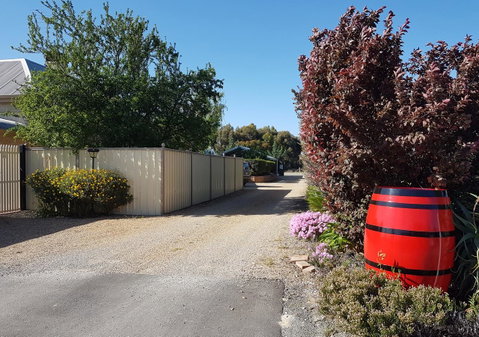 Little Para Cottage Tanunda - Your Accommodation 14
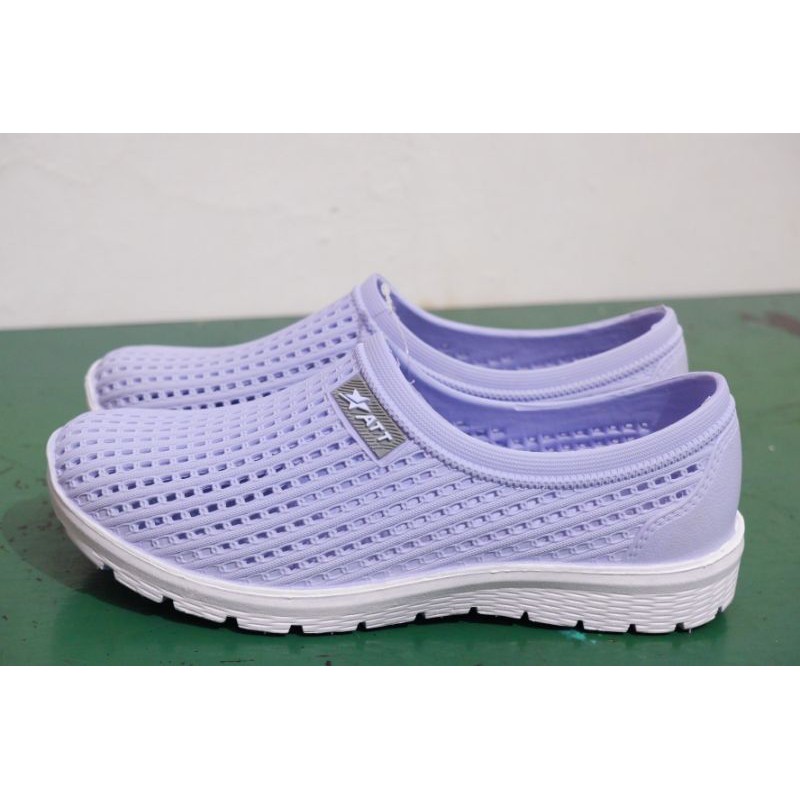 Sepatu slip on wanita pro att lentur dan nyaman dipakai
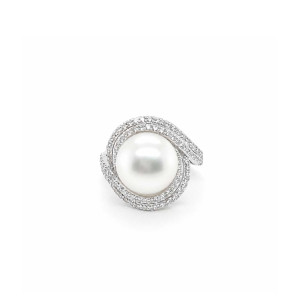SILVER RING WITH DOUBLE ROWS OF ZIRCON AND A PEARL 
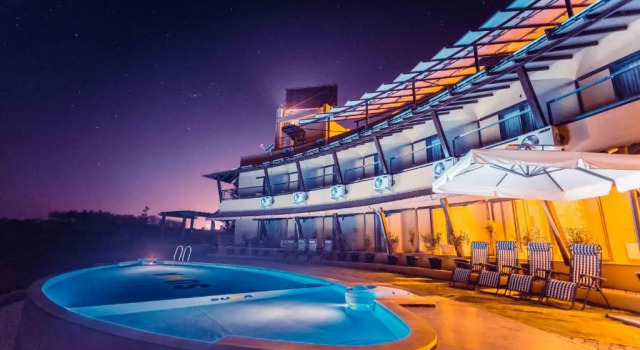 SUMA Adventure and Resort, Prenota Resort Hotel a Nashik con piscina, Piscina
* * *
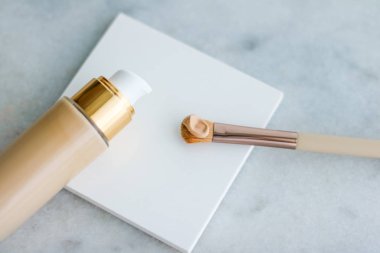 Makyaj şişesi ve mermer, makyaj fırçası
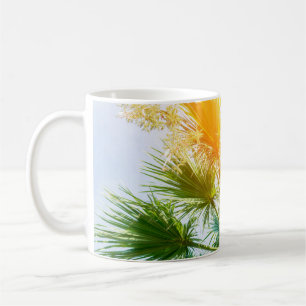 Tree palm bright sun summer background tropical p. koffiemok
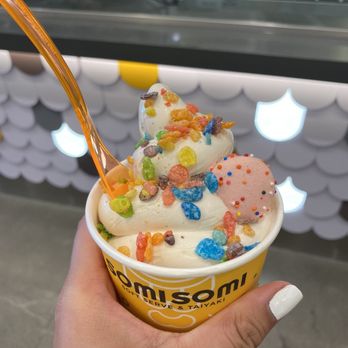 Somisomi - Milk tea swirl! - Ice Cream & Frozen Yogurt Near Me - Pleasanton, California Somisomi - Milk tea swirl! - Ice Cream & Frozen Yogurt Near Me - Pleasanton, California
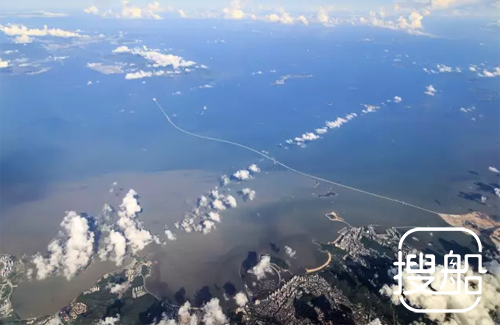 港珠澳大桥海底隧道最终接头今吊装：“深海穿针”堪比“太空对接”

- [Your task] Starting with the line that has "Sepatu slip on" and going on through the line that has "SUMA Adventure and", transcribe the records above exactly, but skip the pictures.

- [Result]
 Sepatu slip on wanita pro att lentur dan nyaman dipakai
SILVER RING WITH DOUBLE ROWS OF ZIRCON AND A PEARL 
 SUMA Adventure and Resort, Prenota Resort Hotel a Nashik con piscina, Piscina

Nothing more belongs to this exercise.